When I began transcribing Isaac's Journal, I did not know where his homestead and timber claim were located. Eventually, he included the legal description, identifying his land as being in Clear Creek Township. Since that is the township to the west of my childhood home, I was pleased to discover he had lived so near. Later, I learned that his home was even nearer, for the original Clear Creek Township had been divided in half, the west half retaining the name but the east half being given the new name of Albano Township. Isaac lived one mile straight east of my childhood home!
Standing at my front door, I can see the trees that are currently on what were Isaac's homestead and timber claim. While these trees may not be old cottonwoods that he planted, they are quite likely to have grown from seeds dropped by trees Isaac started from cuttings on the treeless prairie that existed when he arrived. The sunrise photograph, taken from my front yard, shows Isaac's trees to the right of the rising sun, bathed in a purple morning haze at the edge of the horizon. The mid-day photograph, also taken from my front yard, shows the same row of trees, located on the east edge of Isaac's old timber claim.
In 1878 when Isaac arrived, there were no trees on the prairie. A "timber claim" did not designate land covered with trees but rather land that could be claimed by planting ten acres of prairie in trees and keeping them alive for eight years in order to claim the title. If drought did not kill them, weeds did not choke them, pests did not destroy them, and prairie fires did not burn them during the required eight years, the settler could acquire 160 acres. As Willa Cather wrote about the hardy trees that managed to survive on the prairie, "I like trees because they seem more resigned to the way they have to live than other things do." In addition to acquiring land as a timber claim, 160 acres could also be claimed as a homestead by building some sort of dwelling, living in it for five years, and improving the land by gradually breaking the thick prairie sod and planting crops or grazing livestock on the prairie grass.
The land was divided into square mile sections which contained 640 acres. These squares were then divided into four smaller squares, each containing 160 acres and being one-fourth of a square-mile section, or a quarter-section of land. These were identified by the compass direction they occupied in the full section. Isaac's homestead was in the southwest quarter of the section; his timber claim was in the northwest quarter of the section. Other homesteaders claimed the quarters in the eastern half of that section.

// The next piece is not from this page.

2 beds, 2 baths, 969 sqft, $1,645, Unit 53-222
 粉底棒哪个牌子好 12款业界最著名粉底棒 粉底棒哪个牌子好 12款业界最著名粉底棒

Today there are roads around most square-mile sections, and fences or changes in the crop from one farmer's field to another's usually make it apparent where one quarter section of ground ends and another begins. In Isaac's day, there were not so many roads, although farmers did mow along the edges of their property for two reasons: to make travel easier and to create fire guards to slow prairie fires.
If you could have viewed Isaac's farm from the air in 1888, you would have seen neat tree rows around 30 and 40 acre fields and carefully maintained fire guards mowed or plowed around his property line. The view from the air is very different today, and I will share it with you in next week's blog.
2 comments:
Enjoying your blog, Lyn! Looking forward to learning more about Isaac!
I have wondered, but never researched, what the words "timber claim" meant. Thanks for the description. You have me hooked on learning about Isaac too! Thanks for sharing your addiction.